WHAT TO DO:
Could you repeat the data word for word while skipping the pictures?

EXERCISE DATA:
Start of Block
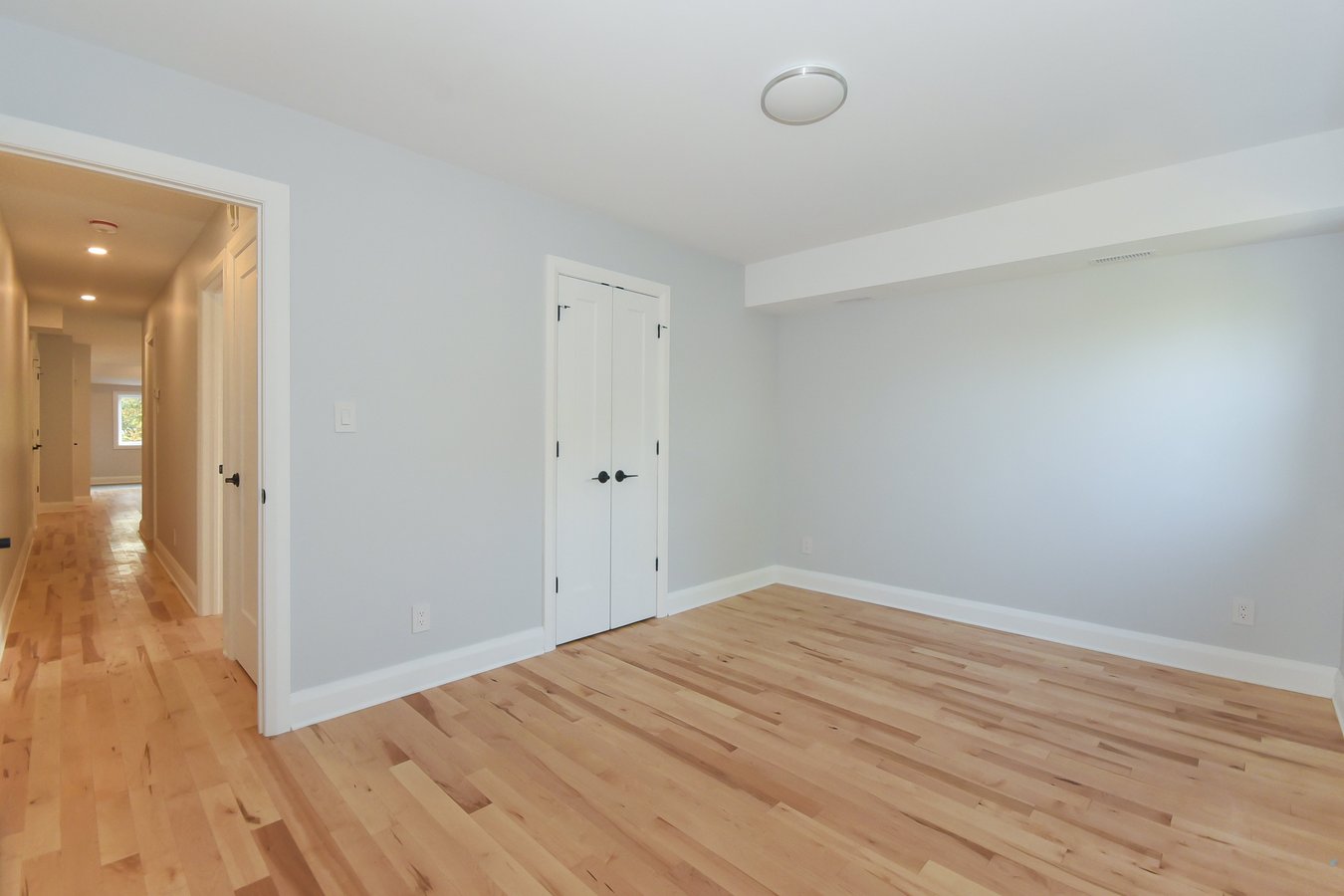 172 Russell Avenue - Photo 14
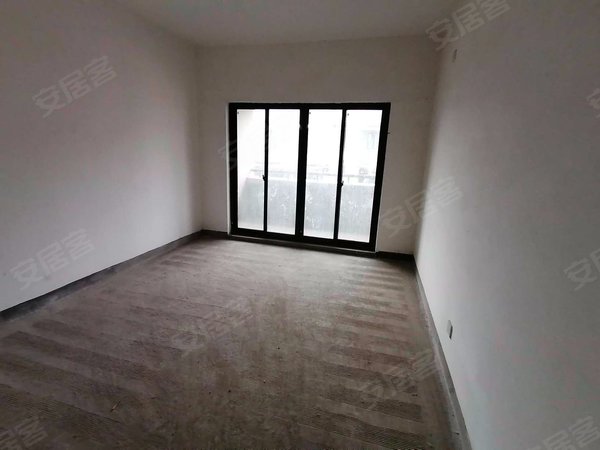 杭州富阳银湖九龙山庄(别墅)九龙山庄排屋边套,毛坯可长租,房东诚心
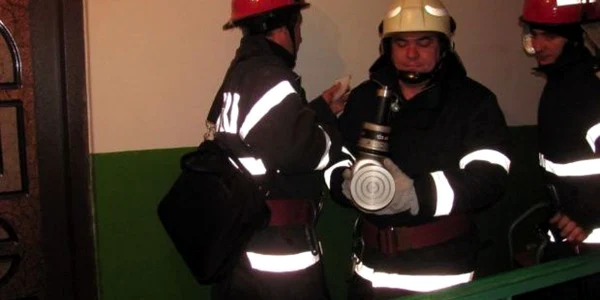 Pompierii au fost chemaţi să deblocheze uşa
End of Block
WRITTEN RESPONSE:
 172 Russell Avenue - Photo 14
 杭州富阳银湖九龙山庄(别墅)九龙山庄排屋边套,毛坯可长租,房东诚心
 Pompierii au fost chemaţi să deblocheze uşa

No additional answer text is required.